We discovered this sensitively made miniature violin at an antique “mall” east of Huntington, West Virginia in the middle 1980s. It was documented as being made by Joe Byrnside in Boone County, West Virginia, circa 1940s.

It is made of bent and carved wood, with decorative paint illustrating the maker’s signature J and B. The delicate metal “strings” are attached to the tail piece traveling over the bridge, up the neck and tightened over the tuning pegs. It also has F holes and a lovely scroll on which a short piece of old string, perhaps for hanging, is attached. The skill set shown indicates a true understanding of both the musical instrument as well as its construction. It is in excellent condition, all original to the maker’s vision and hand.

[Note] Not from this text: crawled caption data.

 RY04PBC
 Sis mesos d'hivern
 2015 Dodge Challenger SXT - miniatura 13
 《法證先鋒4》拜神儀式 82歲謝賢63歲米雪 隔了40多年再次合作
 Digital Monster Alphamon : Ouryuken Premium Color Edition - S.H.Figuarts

Measurements: approximately 12″ long x 3.5″ wide x 1.5″ tall

Seven Vintage John Deere and Farm Supply Advertising Bullet Pencils

farm bullet pencils

It is easy to date these vintage advertising bullet pencils as being from the 1940s and the 1950s. Some don’t even include phone digits, let alone the ubiquitous web urls we are now provided for businesses. Most of this group’s include a several digit number, which assumes a local connection for the user. These pencils were unique to an era.

They each have a “bullet” tip which when pulled out reveals the pencil with its protected, sharpened lead. The second segment of the pencil consists of the printed, early plastic cover with the eraser on the other end. These bullet pencils may be seen in photographs of farmers in their denim overalls. Each overall bib had a sewn area for a writing utensil such as a bullet pencil. These and similar bullet pencils were not only a savvy means of advertising for local, regional, or national advertising of farm equipment, seed, and other similar services, but a functional, if not necessary writing instrument back in the day.

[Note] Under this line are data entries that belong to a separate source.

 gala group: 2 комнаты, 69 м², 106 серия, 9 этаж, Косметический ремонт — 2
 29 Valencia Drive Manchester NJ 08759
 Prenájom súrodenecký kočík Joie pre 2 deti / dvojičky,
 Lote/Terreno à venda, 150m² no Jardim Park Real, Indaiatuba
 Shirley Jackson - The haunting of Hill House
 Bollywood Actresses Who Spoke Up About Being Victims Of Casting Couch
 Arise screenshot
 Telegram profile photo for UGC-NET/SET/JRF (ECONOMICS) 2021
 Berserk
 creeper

This is an instant collection on which to build for anyone interested in John Deere equipment, farming, writing instruments, or the history of advertising ephemera. Included are two John Deere (four legged deer). and one Pioneer Seed Corn bullet pencil. Two of the seven appear to have been lightly used or not used. Six are in very good vintage condition. We have included a seventh bullet pencil, this one from Stark Trucking. Although we could, no doubt, use a pliers to pull it open, we have not.

The full list and related companies or towns: John Deere/Wolf Sales Co., Scio, Ohio / John Deere Cedarville, Ohio / Welch HIGRADE Fertilizers / Pioneer Corn Co., Tipton, Ohio / Madison Farm Bureau, London, Ohio / C. E. Hill, “On the bank of the Deer Creek, Williamsport, Ohio / Stark Trucking, Fountanelle, Iowa

Measurements: approximately 4″ long x .5” wide

Vintage Carved and Painted Figures of a Man and Woman

Carved Couple

carved women

carved man

We discovered this wonderful pair of figures at the Heartland Antique Show in Richmond, Indiana in the middle 1990s. They had been brought to this nationally recognized show by a antique dealer from Iowa. She did not know the figures provenance but said she believed them to be from the late 30s to early 40s. They are delicate and beautifully carved with great skill exhibited in technique. The attire is well articulated, the man holds a hat behind his back. The hat must have been broken at some stage as it had been carefully glued together at the time of our purchase. The woman’s shoes have some loss of the black paint. She is also missing what we believe must have been a basket which rested upon her left hip. There is a small peg which juts from her hip, some absence of paint makes it apparent something had been applied and then painted. Her flaxen hair and some of her facial features have been sculpted from a composite material. Perhaps glue and sawdust? Both the male and female figure stand on their original stained bases, each approximately 4″ x 4.5″ x .5″ tall. The figures each stand approximately 10″ tall on their bases. Scribed in pencil on the bottom of the male figure’s base is “Seale,” nothing further was discovered about their origin.